RECORDS TO USE: Begin

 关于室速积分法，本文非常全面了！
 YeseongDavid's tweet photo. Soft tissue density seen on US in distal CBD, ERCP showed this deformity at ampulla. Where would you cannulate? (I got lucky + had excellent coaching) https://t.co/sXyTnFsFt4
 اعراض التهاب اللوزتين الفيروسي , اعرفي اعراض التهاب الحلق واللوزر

RECORDS TO USE: End
RECORDS TO USE: Begin

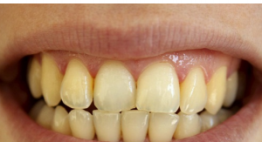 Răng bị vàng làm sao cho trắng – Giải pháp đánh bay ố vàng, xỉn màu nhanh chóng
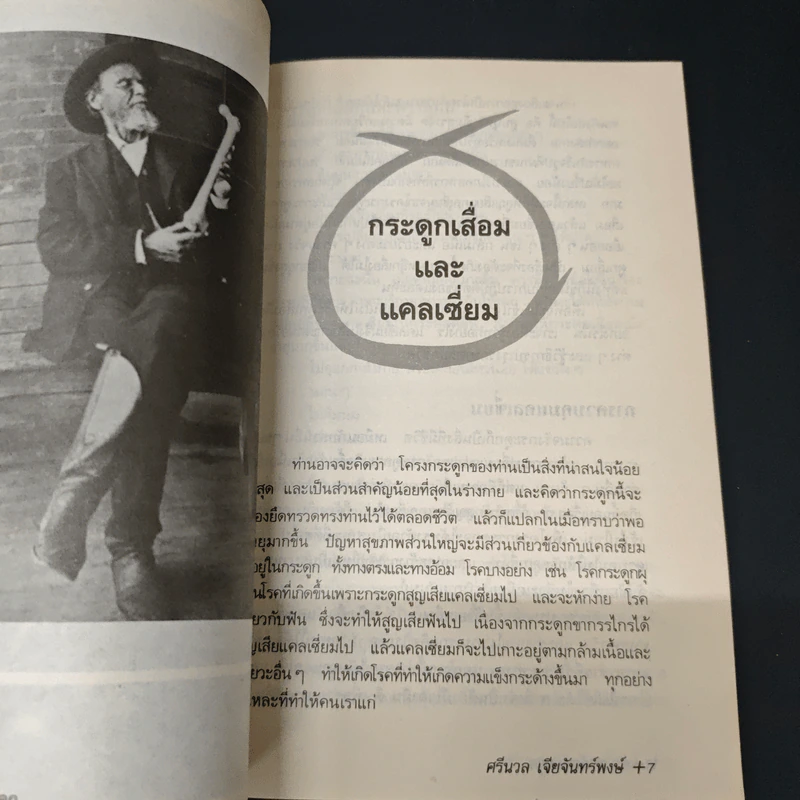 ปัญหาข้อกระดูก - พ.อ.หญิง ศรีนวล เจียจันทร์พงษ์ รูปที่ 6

RECORDS TO USE: End
RECORDS TO USE: Begin

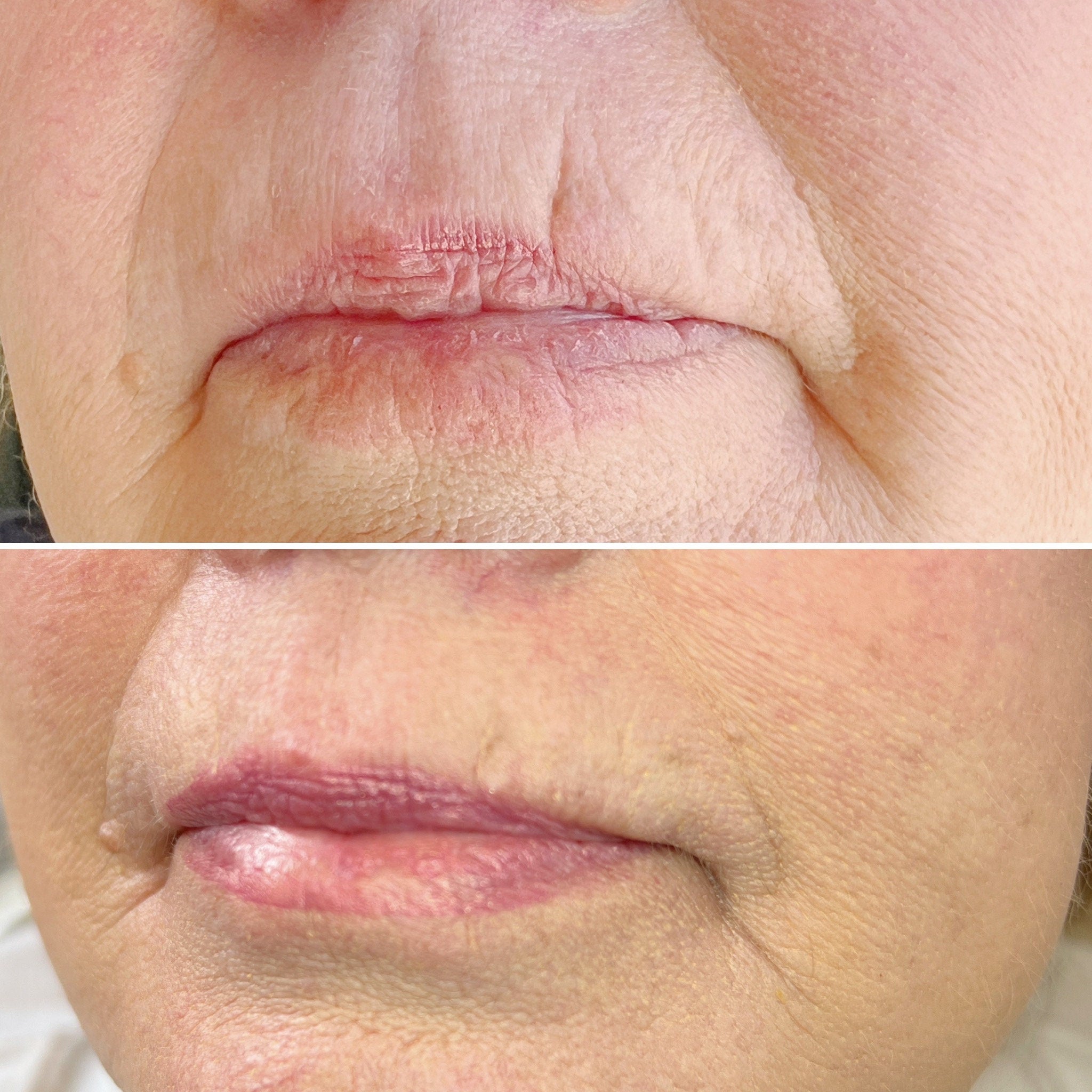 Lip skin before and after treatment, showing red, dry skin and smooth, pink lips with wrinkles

RECORDS TO USE: End

Copy back the listing above exactly, but only from the line with "YeseongDavid's tweet photo." through the line with "اعراض التهاب اللوزتين", both ends included.

EXERCISE OUTPUT:
 YeseongDavid's tweet photo. Soft tissue density seen on US in distal CBD, ERCP showed this deformity at ampulla. Where would you cannulate? (I got lucky + had excellent coaching) https://t.co/sXyTnFsFt4
 اعراض التهاب اللوزتين الفيروسي , اعرفي اعراض التهاب الحلق واللوزر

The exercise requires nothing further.